Article Preview
TopIntroduction
Software architecture is defined as the organization of a system embodying its components and their relationships. As software systems grow in size and complexity, it becomes hard for developers to keep architecture well-documented, and this phenomenon results in an architecture shift from its initial design. Most of the open-source projects lack architectural documentations and for these projects, code is the available documentation. So software architecture recovery is crucial for many reasons, to adapt a software system to changing requirements, to enable the reuse of components, and estimate the cost and risks involved in a change.
For this reason, huge research was carried out in this domain to recover the architecture of a software system, and architecture recovery is defined as a reverse engineering approach that aims at reconstructing architecture from the implementational view of software. Many techniques have already been proposed to recover the architecture of software and these techniques work on different types of input information. Depending on the input information used, these techniques are categorized as, structure-based techniques, semantic-based techniques, knowledge-based techniques (Kong et al., 2018). Structure-based techniques depend on the structure of source code to extract relations and group software elements based on structural dependencies using different clustering techniques. Semantic-based techniques depend on the textual information present in source code and documentation. These techniques try to form topics and group software elements into these topics. Knowledge-based techniques use various types of input information from software repositories viz; framework-related information, directory information, patterns, commits, and issues in version control systems.

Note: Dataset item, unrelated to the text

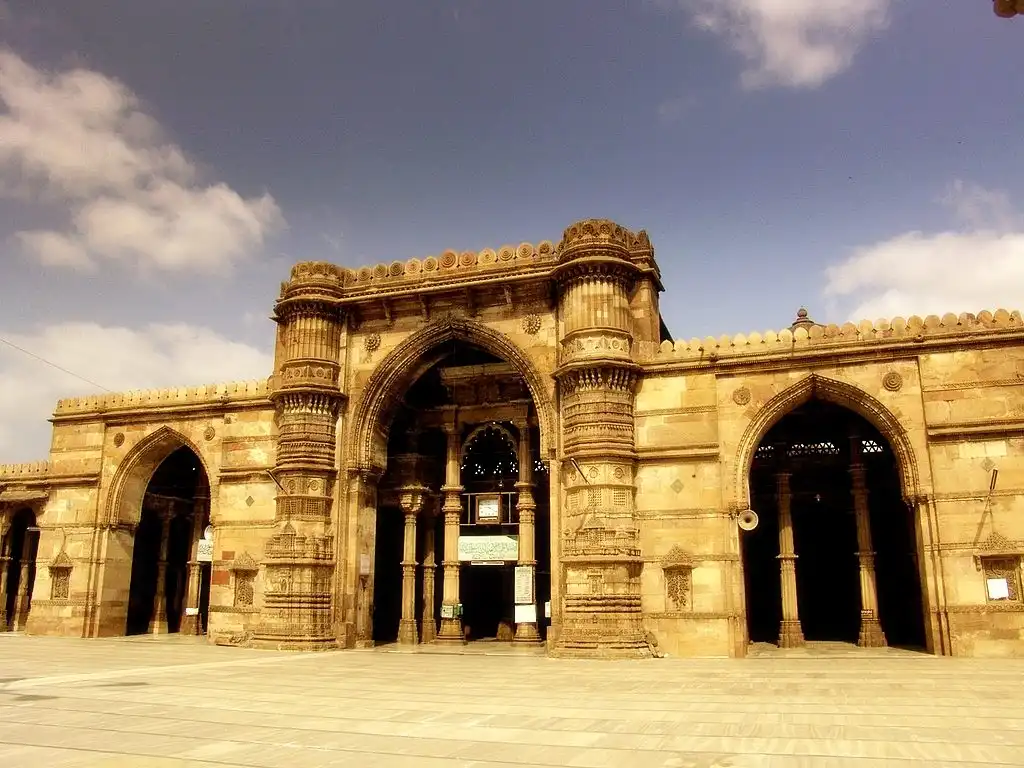 Ahmedabad tourism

In literature, the majority of architecture recovery techniques are either structure-based (Mancoridis et al., 1999) (Maqbool & Babri, 2004) (Andritsos & Tzerpos, 2005) (Wang et al., 2010) (Zhang et al., 2010) (Cho et al., 2019) or semantic-based (Kuhn et al., 2007) (Garcia et al., 2011) (Sajnani, 2012) (Link et al., 2019). Only a few techniques (Li et al., 2017) (Shahbazian et al., 2018) (Kong et al., 2018) (Guimaraes & Cai, 2020) exploit the available knowledge in software repositories and use them in architecture recovery. In software, readily available knowledge is its directory information, and only very few techniques (Kong et al., 2018) use this knowledge in architecture recovery. Most of the techniques use one or two types of input information in the recovery process. However, none of these techniques utilize structural, semantic, and directory information at the same time. Further, there is no proper study on how to extract available directory knowledge and integrate it with structural and semantic information for architecture recovery.
This paper aims to mine all needed semantic information, compute hierarchy-based directory dependencies information and integrate these with structural dependencies to recover the software architecture. Effective mining of semantic information including comments, identifiers, variables, class/method names as well as usage, is carried out and a new approach for extracting directory dependencies based on directory hierarchy is proposed. Various coupling schemes are formulated to evaluate the effect of using multiple dependencies in architecture recovery. These coupling schemes are also experimented with different sets of weights on three subject systems, to identify the best combination of weights for integrating dependencies. The main contributions of this paper include:
- 1.
Designing a new approach for computing directory dependencies from directory hierarchy by using distance and depth-based measures.
- 2.
Effective mining of all types of semantic information and empirically evaluation of the effect of using semantic and directory dependencies in architecture recovery by formulating six different dependency coupling schemes.
- 3.
Integrating all three dependencies in the best combination of weights based on experimentation.
- 4.
To study the effect of integrated dependencies in architecture recovery by using Complete linkage clustering.